There are several natural cycles that you experience each day as well. These bio-rhythms include sleep, digestion, menstrual cycles, and hormonal changes. Some bio-rhythms change hourly, others daily, and even others progressively change over several years as you age. As a younger woman, I had regular menstrual periods that were consistent and not terribly painful. As a married woman, my sexual activity was connected to a loving partner who agreed to a family planning method that did not rely on the pill. I noticed many things about my monthly cycle that did in fact change when stressed, overworked, or with changes in the number of daylight hours. I had a relatively longer cycle that was usually 32 days in length, while many peers had shorter cycles. When work had been particularly stressful, I noticed a delay in my period by up to two weeks. Many women shared similar experiences and reflected on the impact of stress on this regular monthly hormone driven bio-rhythm.

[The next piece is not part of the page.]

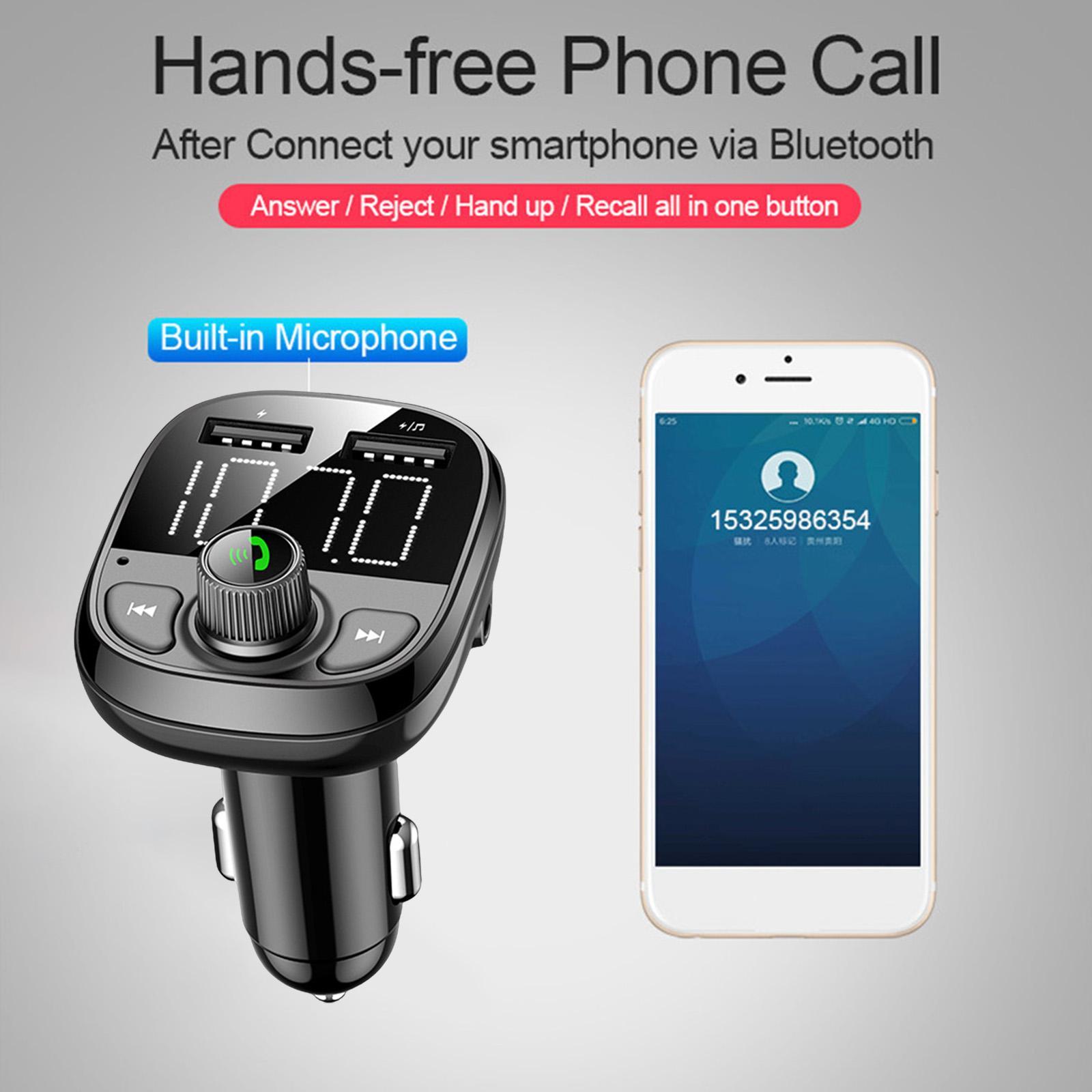 Car FM Transmitter 2 USB Port Support TF Card MP3 Player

Peri-menopause and menopause itself is another very intense period of several years where natural bio-cycles progressively change and on many levels. My professional and personal approach to care has always been bio-psycho-social. Understanding the self must include a corporeal perspective that allows you to be aware of the changes in your body when distressed. You may learn that you lose your appetite for food, sleep, or sex under great stress, or alternatively that your desires for food, sleep, substances, or sex grow as a means to release a build-up of toxic energy or the primary stress hormone cortisol. Some people make reckless decisions when distressed and regret that they failed to learn healthier coping strategies sooner. Practices such as yoga, Taiichi, mindful meditation, or contemplative prayer offer opportunities for you to slow down and “feel” your body‘s cardio and breathing rates. Newer technologies such as the Apple Watch, or Fitbit also provide you with immediate bio-feedback that can help you to identify signs of overwork as well as periods of rest.

Achieving states of inner harmony at different developmental stages in your life is possible when you care for yourself as a miraculous creation of nature. Self-love flows when you accept the fragility of your human body, and nurture yourself for health and wellness over the long term.